Le premier long métrage de Marina Déak, dont elle interprète par ailleurs le personnage principal, a pour qualité notable de ne pas fuir son identité : celle d’un film naturaliste « à la française », accompagnant un personnage de trentenaire dans ses errements sentimentaux, familiaux, professionnels… Audrey s’offre comme une figure familière, pas tellement neuve dans le paysage cinématographique français, et qui pourtant – et c’est là que Poursuite tire au final son épingle du jeu – se démarque par une constante dé-dramatisation des petites histoires de son quotidien. Mère d’un garçon de sept ans vivant la majeure partie du temps chez sa propre mère, divorcée, fréquentant depuis peu un informaticien, la jeune femme pourrait au départ se résumer à la somme de ses caractéristiques. L’intelligence de la cinéaste-actrice sera précisément de ne tirer de ces éléments aucune véritable ligne dramaturgique : Poursuite est moins mû par une histoire prioritaire glissant au fil des scènes vers sa résolution que par l’enchevêtrement de plusieurs infra fictions indépendantes.
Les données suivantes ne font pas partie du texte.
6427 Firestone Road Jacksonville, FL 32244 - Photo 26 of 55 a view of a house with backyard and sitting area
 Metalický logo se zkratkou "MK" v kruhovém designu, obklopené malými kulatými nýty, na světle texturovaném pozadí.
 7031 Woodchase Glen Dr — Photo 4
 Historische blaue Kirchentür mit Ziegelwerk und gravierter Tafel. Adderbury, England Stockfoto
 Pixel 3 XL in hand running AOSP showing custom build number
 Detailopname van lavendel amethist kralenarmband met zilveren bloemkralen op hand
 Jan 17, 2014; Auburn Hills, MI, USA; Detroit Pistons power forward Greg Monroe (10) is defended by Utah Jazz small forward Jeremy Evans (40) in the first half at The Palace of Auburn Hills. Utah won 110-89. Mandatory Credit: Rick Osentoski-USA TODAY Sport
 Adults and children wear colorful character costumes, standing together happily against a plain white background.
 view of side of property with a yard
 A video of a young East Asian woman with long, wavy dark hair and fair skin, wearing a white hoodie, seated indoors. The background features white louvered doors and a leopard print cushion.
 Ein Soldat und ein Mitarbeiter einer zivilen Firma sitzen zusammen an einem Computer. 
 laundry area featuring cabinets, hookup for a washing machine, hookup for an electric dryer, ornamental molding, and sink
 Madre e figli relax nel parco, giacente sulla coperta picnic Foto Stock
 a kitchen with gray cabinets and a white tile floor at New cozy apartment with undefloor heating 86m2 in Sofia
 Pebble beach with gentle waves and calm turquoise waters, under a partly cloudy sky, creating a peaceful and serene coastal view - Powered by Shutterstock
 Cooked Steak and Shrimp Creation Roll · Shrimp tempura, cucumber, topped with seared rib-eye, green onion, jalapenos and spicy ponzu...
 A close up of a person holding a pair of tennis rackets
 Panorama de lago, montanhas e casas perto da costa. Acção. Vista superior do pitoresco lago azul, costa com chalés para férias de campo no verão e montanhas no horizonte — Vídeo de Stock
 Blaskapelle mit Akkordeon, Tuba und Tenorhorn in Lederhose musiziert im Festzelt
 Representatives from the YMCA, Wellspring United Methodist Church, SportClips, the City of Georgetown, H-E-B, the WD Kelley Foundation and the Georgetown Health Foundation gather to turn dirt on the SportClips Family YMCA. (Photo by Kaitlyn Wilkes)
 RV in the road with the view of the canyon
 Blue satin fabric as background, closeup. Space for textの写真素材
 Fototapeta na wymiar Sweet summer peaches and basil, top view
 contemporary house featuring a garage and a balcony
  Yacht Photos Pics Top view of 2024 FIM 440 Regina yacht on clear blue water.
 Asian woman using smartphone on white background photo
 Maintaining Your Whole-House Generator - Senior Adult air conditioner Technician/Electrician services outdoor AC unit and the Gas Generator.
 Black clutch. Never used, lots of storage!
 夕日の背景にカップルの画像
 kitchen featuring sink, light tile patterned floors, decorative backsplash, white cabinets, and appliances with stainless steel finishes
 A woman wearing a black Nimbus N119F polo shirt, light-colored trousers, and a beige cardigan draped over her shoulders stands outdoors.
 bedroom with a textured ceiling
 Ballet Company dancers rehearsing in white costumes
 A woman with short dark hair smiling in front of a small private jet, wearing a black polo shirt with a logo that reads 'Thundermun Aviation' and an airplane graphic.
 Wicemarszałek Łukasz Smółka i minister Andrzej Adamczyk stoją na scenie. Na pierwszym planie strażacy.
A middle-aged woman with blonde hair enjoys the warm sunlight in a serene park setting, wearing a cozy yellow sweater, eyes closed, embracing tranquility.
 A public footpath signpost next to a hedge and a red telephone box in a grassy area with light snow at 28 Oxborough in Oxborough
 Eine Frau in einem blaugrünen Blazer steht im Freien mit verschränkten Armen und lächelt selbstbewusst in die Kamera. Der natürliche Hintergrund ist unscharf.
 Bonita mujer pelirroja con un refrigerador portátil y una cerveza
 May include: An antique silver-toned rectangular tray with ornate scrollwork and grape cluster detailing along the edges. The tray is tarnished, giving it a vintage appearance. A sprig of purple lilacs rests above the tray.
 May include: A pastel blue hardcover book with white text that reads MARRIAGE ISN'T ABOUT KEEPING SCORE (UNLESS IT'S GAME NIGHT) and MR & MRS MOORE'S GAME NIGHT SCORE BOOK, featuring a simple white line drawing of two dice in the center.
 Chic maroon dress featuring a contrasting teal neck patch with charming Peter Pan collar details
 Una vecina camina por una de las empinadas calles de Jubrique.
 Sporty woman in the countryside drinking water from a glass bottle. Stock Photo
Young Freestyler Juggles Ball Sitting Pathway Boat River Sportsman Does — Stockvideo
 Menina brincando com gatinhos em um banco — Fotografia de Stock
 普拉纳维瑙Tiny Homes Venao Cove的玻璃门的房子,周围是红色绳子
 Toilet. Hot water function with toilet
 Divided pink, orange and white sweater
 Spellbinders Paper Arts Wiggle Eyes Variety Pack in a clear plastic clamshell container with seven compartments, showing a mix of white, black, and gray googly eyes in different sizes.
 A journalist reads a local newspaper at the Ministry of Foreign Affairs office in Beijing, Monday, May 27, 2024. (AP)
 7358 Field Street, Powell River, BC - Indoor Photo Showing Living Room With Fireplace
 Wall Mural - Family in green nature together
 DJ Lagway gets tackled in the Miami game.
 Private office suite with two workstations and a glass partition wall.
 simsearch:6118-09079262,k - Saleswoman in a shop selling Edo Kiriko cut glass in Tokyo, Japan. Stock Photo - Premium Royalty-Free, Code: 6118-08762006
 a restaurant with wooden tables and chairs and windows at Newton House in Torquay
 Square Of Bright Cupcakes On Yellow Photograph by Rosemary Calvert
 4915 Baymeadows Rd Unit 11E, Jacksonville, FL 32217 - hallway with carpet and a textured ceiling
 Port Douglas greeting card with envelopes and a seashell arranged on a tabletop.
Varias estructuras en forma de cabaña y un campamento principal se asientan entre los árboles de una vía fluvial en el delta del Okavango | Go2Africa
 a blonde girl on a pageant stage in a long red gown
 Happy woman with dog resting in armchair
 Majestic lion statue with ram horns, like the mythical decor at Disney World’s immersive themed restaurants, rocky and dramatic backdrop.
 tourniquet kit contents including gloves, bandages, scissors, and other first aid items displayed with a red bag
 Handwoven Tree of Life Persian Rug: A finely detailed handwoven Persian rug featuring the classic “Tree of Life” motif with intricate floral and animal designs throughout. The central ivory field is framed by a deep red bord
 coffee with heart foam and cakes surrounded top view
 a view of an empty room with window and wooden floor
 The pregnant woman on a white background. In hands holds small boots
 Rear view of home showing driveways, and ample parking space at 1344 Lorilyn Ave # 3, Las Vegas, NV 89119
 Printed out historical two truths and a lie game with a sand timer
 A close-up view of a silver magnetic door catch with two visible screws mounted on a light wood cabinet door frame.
Ainsi, si Audrey demeure tout du long la même fille, définissable par sa coupe garçonne, son débit de paroles très assuré (saisissante scène de rupture), son côté terrien, chaque épisode de son quotidien s’offre comme en pure autonomie. Le ressassement de vielles rancœurs avec Éric, son ex, succède ainsi à un jeu de regards complices avec Stéphane, son actuel, sans qu’on puisse y déceler la moindre dialectique, le moindre échafaudage scénaristique autour des divers aspects de la vie de couple. D’un homme l’autre, le langage amoureux varie, point. Trancher sur cette question amènerait surtout à se confronter à d’autres fragments du récit demeurant en suspens : une scène d’entretien au Pôle emploi laisse deviner la situation sociale précaire du personnage, que rien par la suite ne travaillera pourtant à éclairer davantage ; Stéphane invite une jeune femme à boire un verre, et donc semble engager le récit sur le terrain de l’adultère, mais là encore, si le film accorde une place à cet instant, ce n’est pas à dessein de bifurquer vers un éternel psychodrame de la jalousie ; Mathieu, le fils d’Audrey, qu’elle retrouve auprès de vigiles à l’entrée d’un hypermarché, répond à ces derniers par la négative, lorsqu’ils lui demandent d’attester leur lien de parenté… Et ici encore, la suite ne nous regardera pas.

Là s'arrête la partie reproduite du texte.